### What to work on
Retype the line in which "Oportunidade de casa atras do DOM atacadista" appears, then every line after it until the records end. Leave out the pictures.

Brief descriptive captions
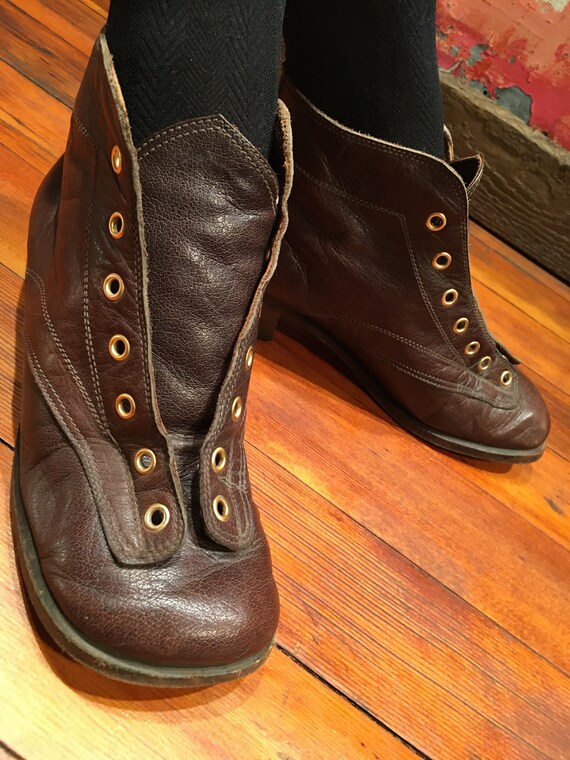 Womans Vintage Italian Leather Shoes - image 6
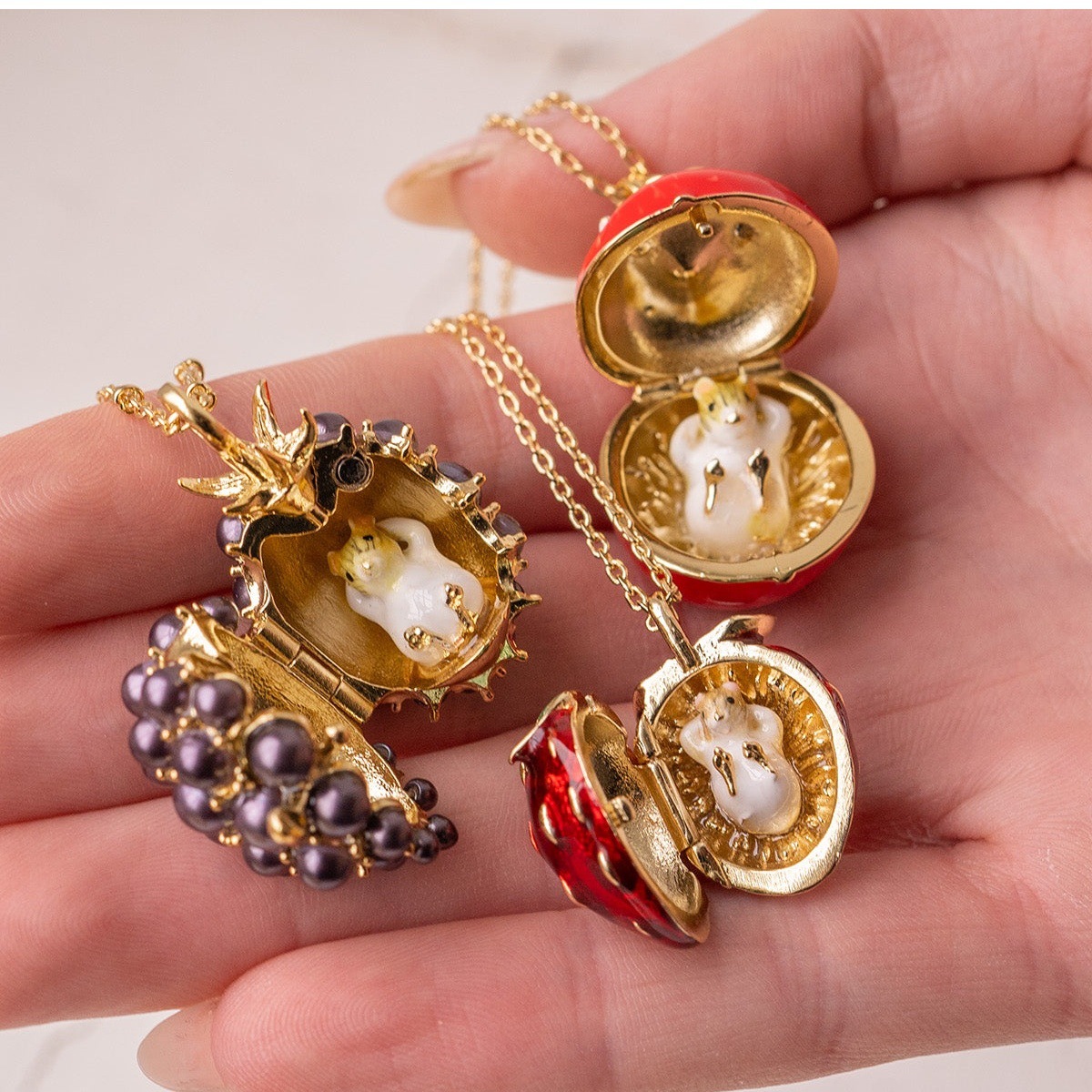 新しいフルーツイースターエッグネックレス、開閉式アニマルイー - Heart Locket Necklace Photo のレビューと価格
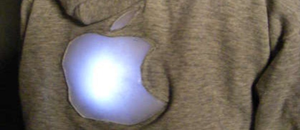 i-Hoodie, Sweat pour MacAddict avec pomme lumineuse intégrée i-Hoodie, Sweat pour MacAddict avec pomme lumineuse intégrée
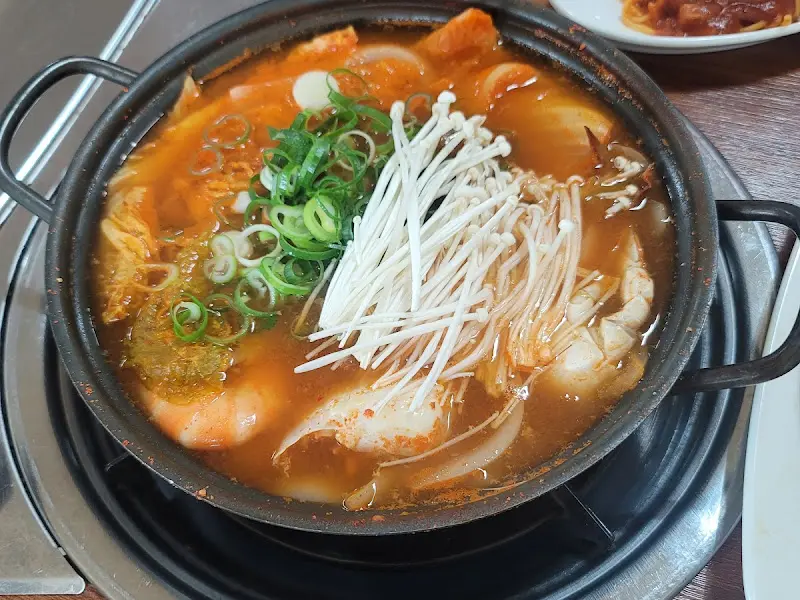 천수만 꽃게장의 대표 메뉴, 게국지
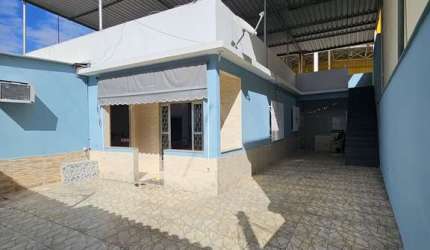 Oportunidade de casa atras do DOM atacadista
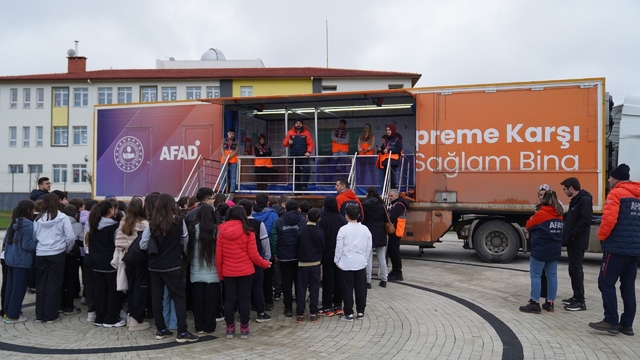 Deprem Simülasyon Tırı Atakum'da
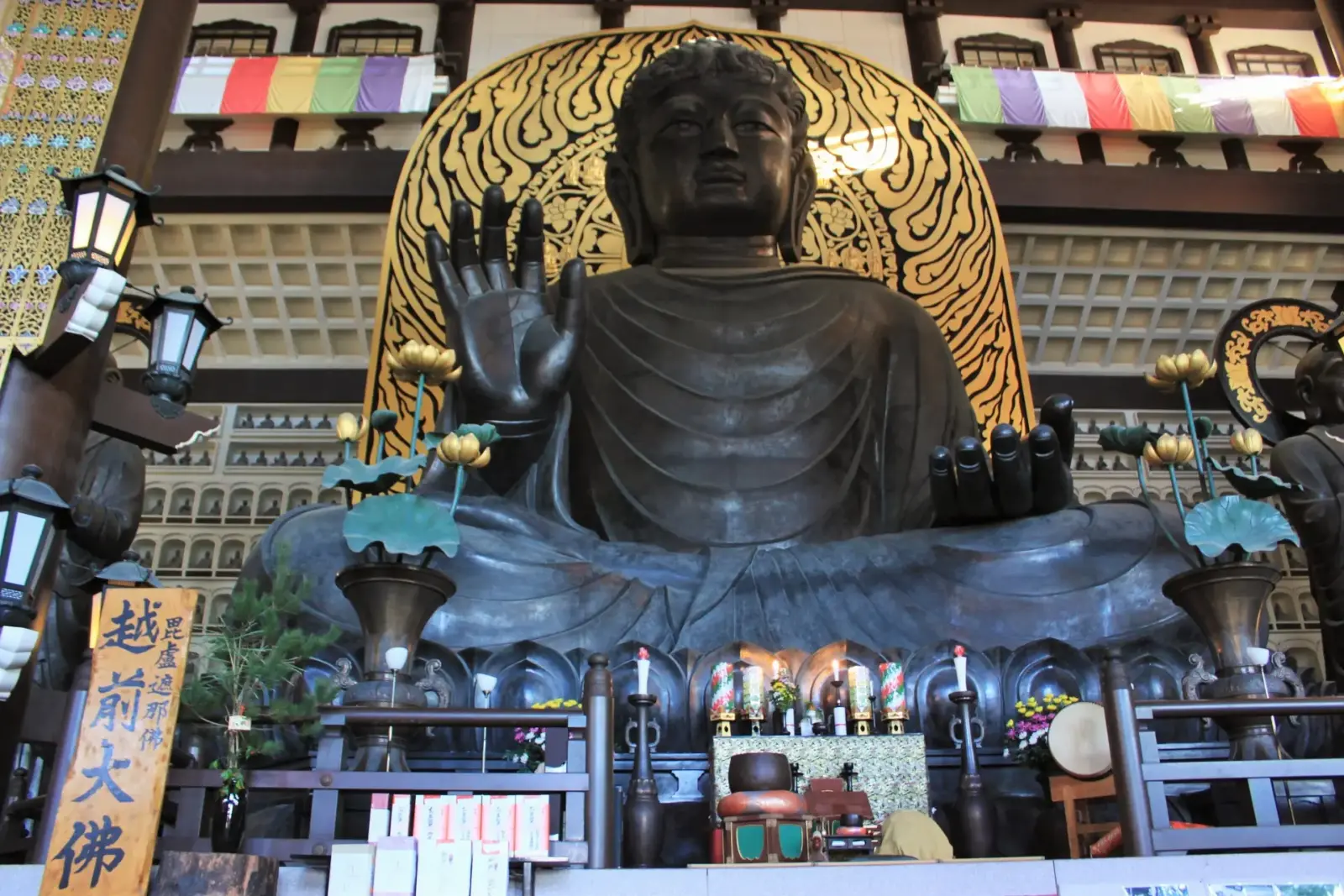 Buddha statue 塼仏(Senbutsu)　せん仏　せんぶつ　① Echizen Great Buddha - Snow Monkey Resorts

### Output for this exercise
 Oportunidade de casa atras do DOM atacadista
 Deprem Simülasyon Tırı Atakum'da
 Buddha statue 塼仏(Senbutsu)　せん仏　せんぶつ　① Echizen Great Buddha - Snow Monkey Resorts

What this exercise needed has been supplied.